Don't checkpoint files have loss information of all epochs?
No they don't. Checkpoint files are designed to save and restore variables. They only contain the values of the specified (or all) variables at the time of saving, to be able to later restore that checkpoint, hence the name. Since the loss is usually not a variable but an intermediate tensor, the loss usually is not saved in checkpoint files at all.
But of course you can simply track and save the loss yourself, without using Tensorboard if you do not want to. I usually use pandas to do that.
Here is one way to achieve this:
import tensorflow as tf
import pandas as pd
# define a completely pointless model which just fits a single point just for
# demonstration
true = tf.placeholder(shape=(), dtype=tf.float32)
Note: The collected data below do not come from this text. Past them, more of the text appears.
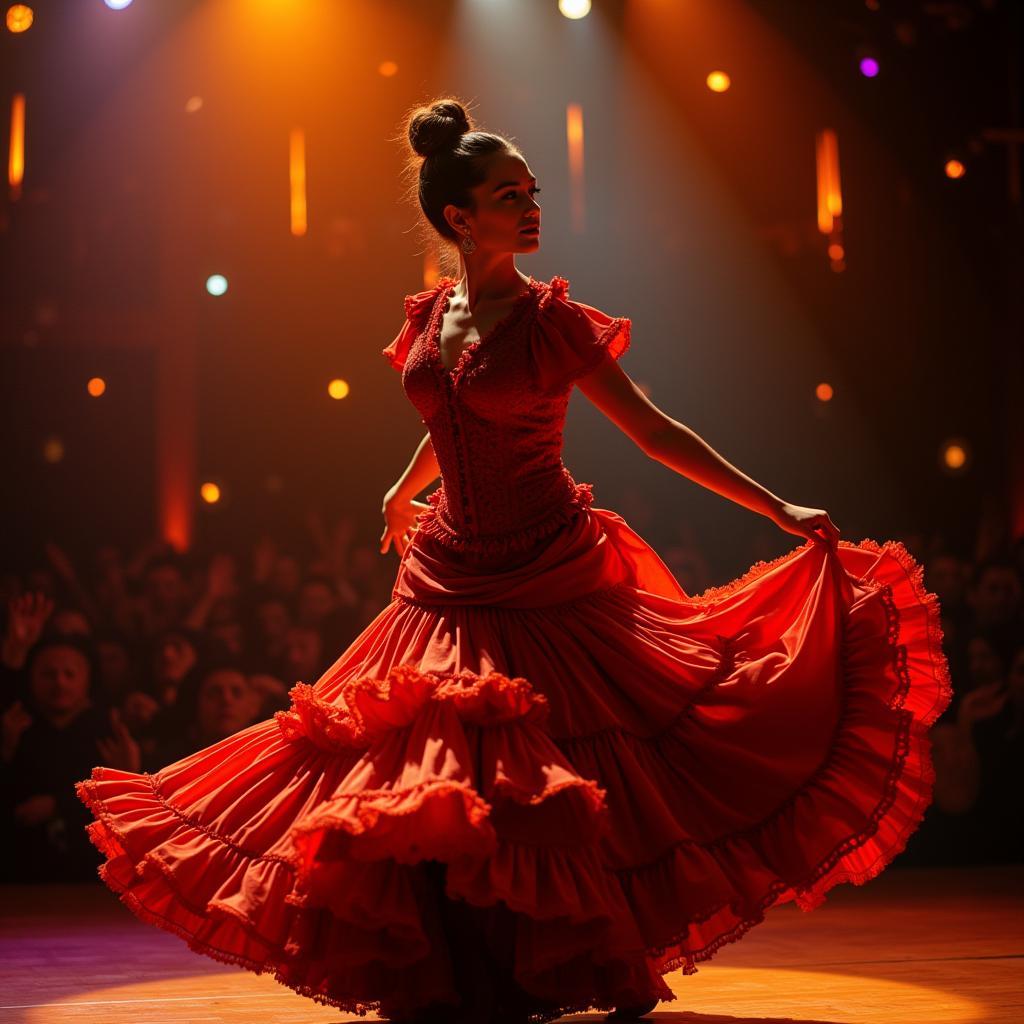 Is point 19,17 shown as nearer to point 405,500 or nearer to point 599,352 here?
point 405,500

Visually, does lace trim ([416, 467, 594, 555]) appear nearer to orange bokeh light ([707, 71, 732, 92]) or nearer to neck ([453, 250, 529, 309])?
neck ([453, 250, 529, 309])

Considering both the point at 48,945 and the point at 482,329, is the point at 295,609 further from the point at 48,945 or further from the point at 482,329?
the point at 482,329

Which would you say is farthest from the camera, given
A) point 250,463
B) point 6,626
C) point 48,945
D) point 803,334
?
→ point 803,334

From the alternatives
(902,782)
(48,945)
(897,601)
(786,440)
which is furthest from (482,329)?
(786,440)

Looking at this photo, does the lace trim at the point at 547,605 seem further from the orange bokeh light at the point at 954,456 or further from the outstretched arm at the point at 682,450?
the orange bokeh light at the point at 954,456

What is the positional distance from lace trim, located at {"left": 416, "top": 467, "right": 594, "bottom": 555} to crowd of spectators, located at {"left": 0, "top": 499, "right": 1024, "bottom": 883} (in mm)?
2918

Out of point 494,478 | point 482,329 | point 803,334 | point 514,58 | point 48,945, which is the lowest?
point 48,945

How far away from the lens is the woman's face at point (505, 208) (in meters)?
2.66

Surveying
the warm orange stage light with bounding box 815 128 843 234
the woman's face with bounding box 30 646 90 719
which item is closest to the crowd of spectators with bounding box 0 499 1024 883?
the woman's face with bounding box 30 646 90 719

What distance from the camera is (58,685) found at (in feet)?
17.3

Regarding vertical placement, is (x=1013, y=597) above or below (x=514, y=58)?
below

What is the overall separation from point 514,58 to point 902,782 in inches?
165

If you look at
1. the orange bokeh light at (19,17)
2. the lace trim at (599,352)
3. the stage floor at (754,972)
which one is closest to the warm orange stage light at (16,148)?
the orange bokeh light at (19,17)

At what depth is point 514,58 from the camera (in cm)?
599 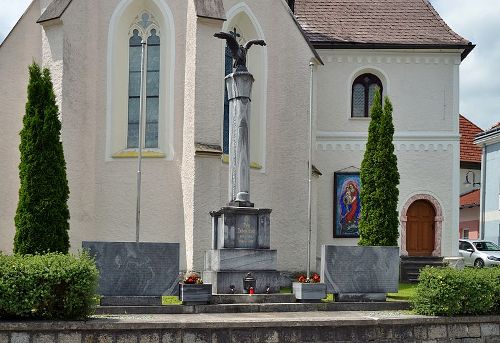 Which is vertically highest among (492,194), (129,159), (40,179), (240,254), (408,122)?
(408,122)

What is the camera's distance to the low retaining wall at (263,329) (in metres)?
11.2

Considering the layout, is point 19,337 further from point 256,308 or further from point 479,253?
point 479,253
learned = tf.Variable(initial_value=0., dtype=tf.float32)
loss = tf.squared_difference(true, learned)
train = tf.train.GradientDescentOptimizer(0.1).minimize(loss)
if __name__ == '__main__':
session = tf.Session()
session.run(tf.global_variables_initializer())
# create pandas data frame for logging
log = pd.DataFrame(columns=['loss'])
# train and append the loss to the data frame on every step
for step in range(0, 100):
log.loc[step] = session.run([train, loss], feed_dict={true: 100.})[1]
# save it
log.to_hdf('./log.h5', 'log')
Than later after the training is done you can load and plot the logged data in a different script like this:
import pandas as pd
import numpy as np
import matplotlib.pyplot as plt
# load the dataframe
log = pd.read_hdf('./log.h5', 'log')
# and this is how you could get your numpy array
print(np.squeeze(log.as_matrix(columns=['loss'])))
# usually this is sufficient though, since the index is the training step
# and matplotlib can directly plot that
print(log['loss'])
plt.plot(log['loss'])
plt.ylabel('Loss')
plt.xlabel('Step')
plt.show()
But like LI Xuhong suggests in the comments, there are many different ways to achieve something like this without reinventing the wheel. But since it is only a few lines of codes I usually prefer to do this myself like demonstrated above, especially when I need my own logging for the project anyways.